[Crawled caption data]
::::::::
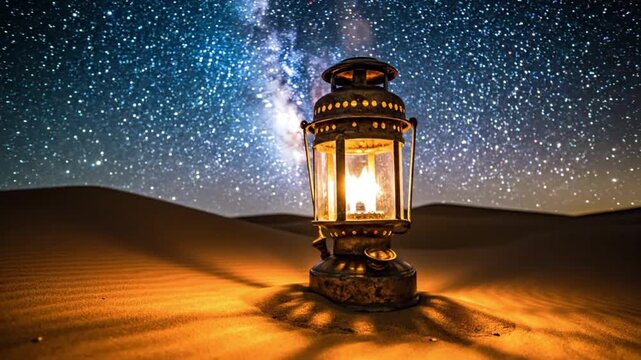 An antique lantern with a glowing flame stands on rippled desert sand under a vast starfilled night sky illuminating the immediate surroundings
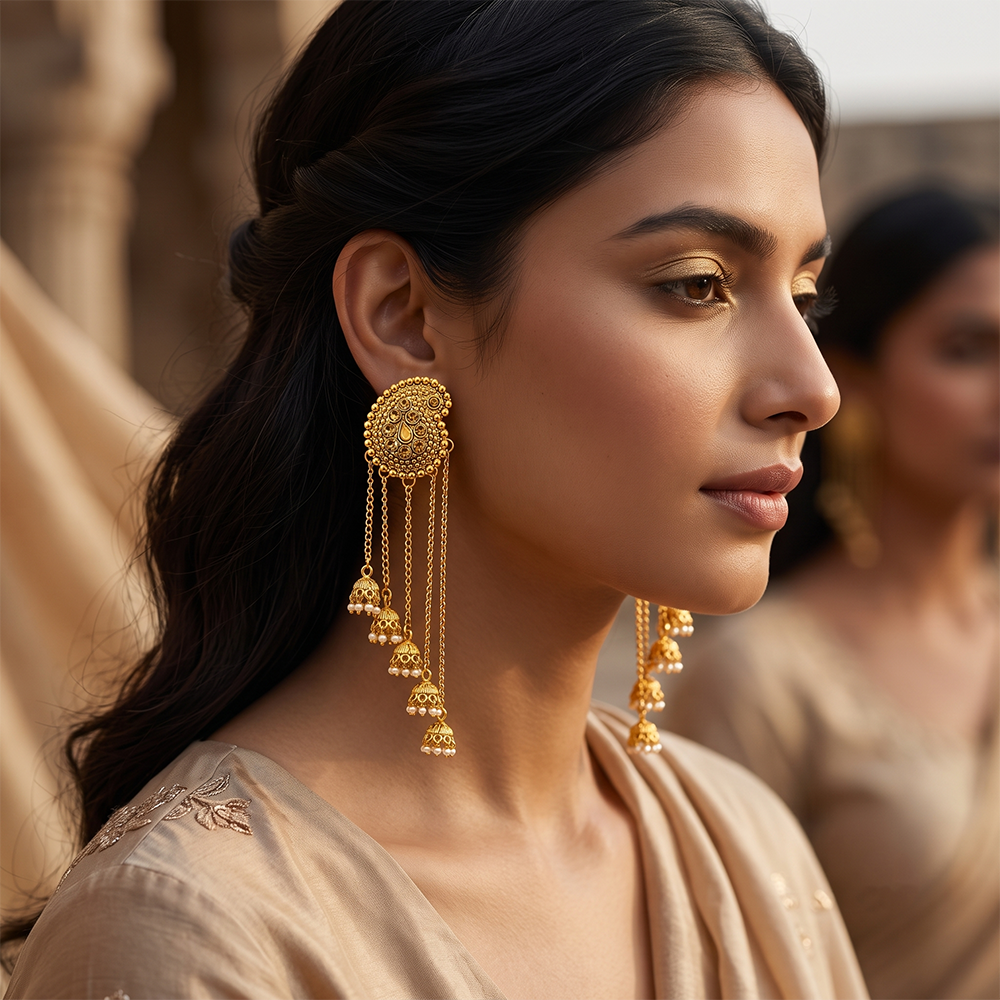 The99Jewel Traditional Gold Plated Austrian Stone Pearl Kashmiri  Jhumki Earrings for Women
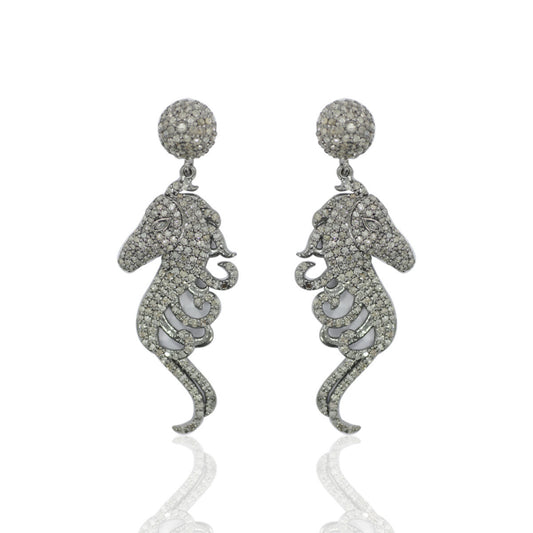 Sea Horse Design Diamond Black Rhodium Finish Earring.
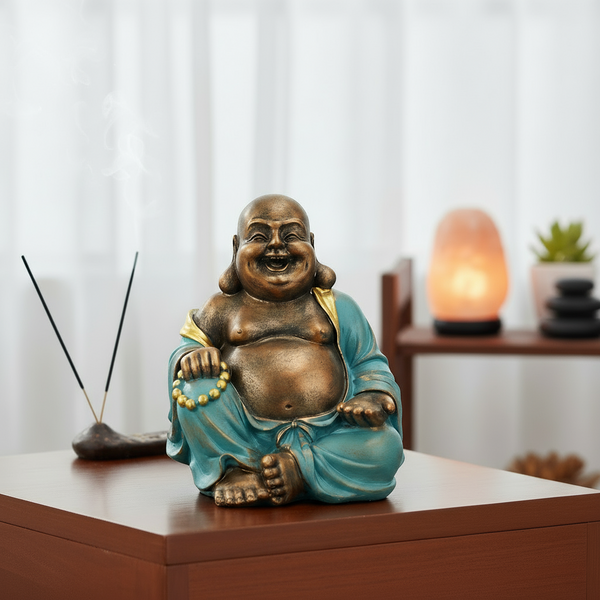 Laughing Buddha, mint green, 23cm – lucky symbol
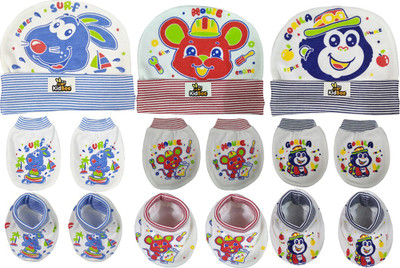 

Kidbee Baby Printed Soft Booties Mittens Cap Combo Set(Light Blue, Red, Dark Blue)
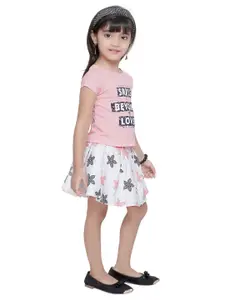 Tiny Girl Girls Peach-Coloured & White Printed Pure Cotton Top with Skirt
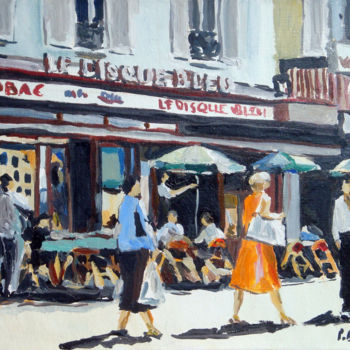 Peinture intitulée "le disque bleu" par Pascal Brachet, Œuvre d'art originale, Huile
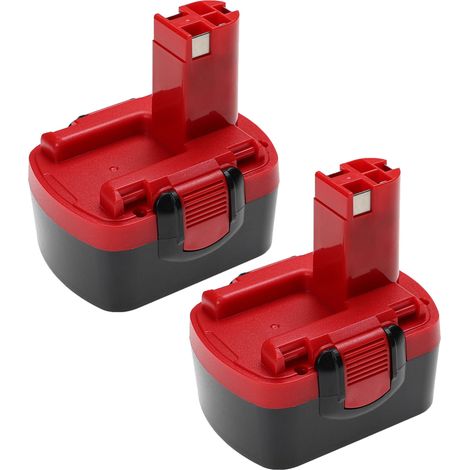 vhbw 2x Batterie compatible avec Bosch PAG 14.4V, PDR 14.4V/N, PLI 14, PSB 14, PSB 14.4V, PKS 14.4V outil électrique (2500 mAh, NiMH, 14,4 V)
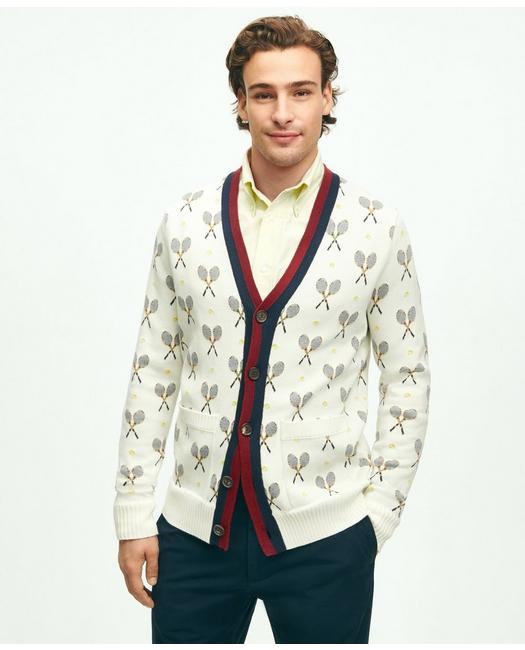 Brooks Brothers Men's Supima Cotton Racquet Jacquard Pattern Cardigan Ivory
::::::::
**REQUIREMENT**:
The exact lines from the one containing "Tiny Girl Girls" through the end of the data are to be copied, with both ends kept and pictures left out.

**EXPECTED OUTPUT**:
 Tiny Girl Girls Peach-Coloured & White Printed Pure Cotton Top with Skirt
 Peinture intitulée "le disque bleu" par Pascal Brachet, Œuvre d'art originale, Huile
 vhbw 2x Batterie compatible avec Bosch PAG 14.4V, PDR 14.4V/N, PLI 14, PSB 14, PSB 14.4V, PKS 14.4V outil électrique (2500 mAh, NiMH, 14,4 V)
 Brooks Brothers Men's Supima Cotton Racquet Jacquard Pattern Cardigan Ivory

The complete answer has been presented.